The only thing I know to do is just do it and risk my relationship with at least half of my family. Selfish? possibly. HELP!

ann said...

I have read through your post and do not really understand what has gotten you so angry...so angry that you defile the Bible by calling it freakin'. Jesus whole life was spent as a living example of Love...a love so great that he gave his life that ALL can be saved. Note that he did not exclude any group as long as they believe in him and turn to him so as to be with God in heaven. He does not exclude anyone...and even on the cross, he was an amazing example of how we should live and give. Jesus won over people not through rebuke but through pure consistent love and kindness to all of the worst people ...the people in the greatest need of his saving grace. He did not hang out with the religious crowd and look down on people, he got out there and by example and by parable, gently got the message across of Gods love and mercy and he showed everyone by example how we should be to ALL around us; When I first changed jobs, I could not believe what I was hearing in a Christian work place that has the motto "to extend the healing ministry of Jesus Christ" but rather than just saying what I thought about it, I strived very hard to set a very good example of appropriate language and behaviors and have prayed continually for the compassion and love for the poor and the wretched that Jesus had..and in the past 2 years, slowly but surely, the cursing has almost completely stopped, without me saying one negative word and we have had some very enlightening religious discussions too.
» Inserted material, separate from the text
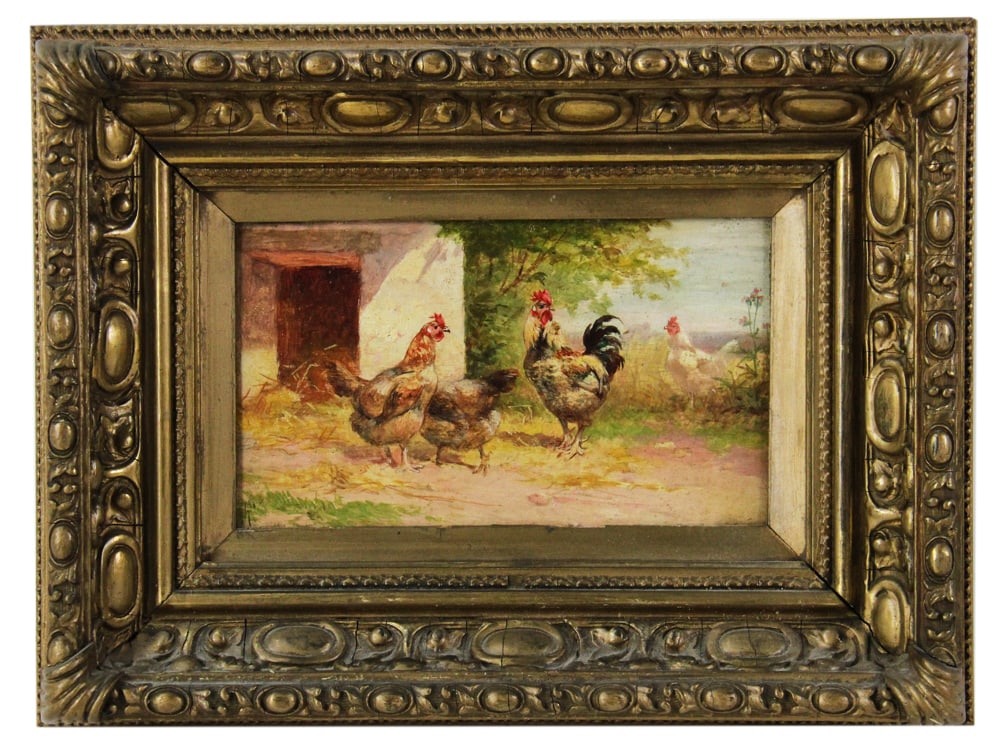 20thC Continental, Chicken, Oil on Panel (1 of 7)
I know this is an opposite perspective from yours, but many many times, your actions speak much louder than your words and can mean far far more to someone than a spoken word. May God bless you with the maturity of an old lady and the heart of a child and the wisdom you need to be the person you want to be. (now for my little bit of correction...no naked pictures of your kids on line please...for their sakes and to keep the perverted people from looking at them too.) I don't know what is eating you right now but I will say special prayers for you and your mission work.

Ali said...

I pray God will help me be more teachable! Thanks for sharing your heart!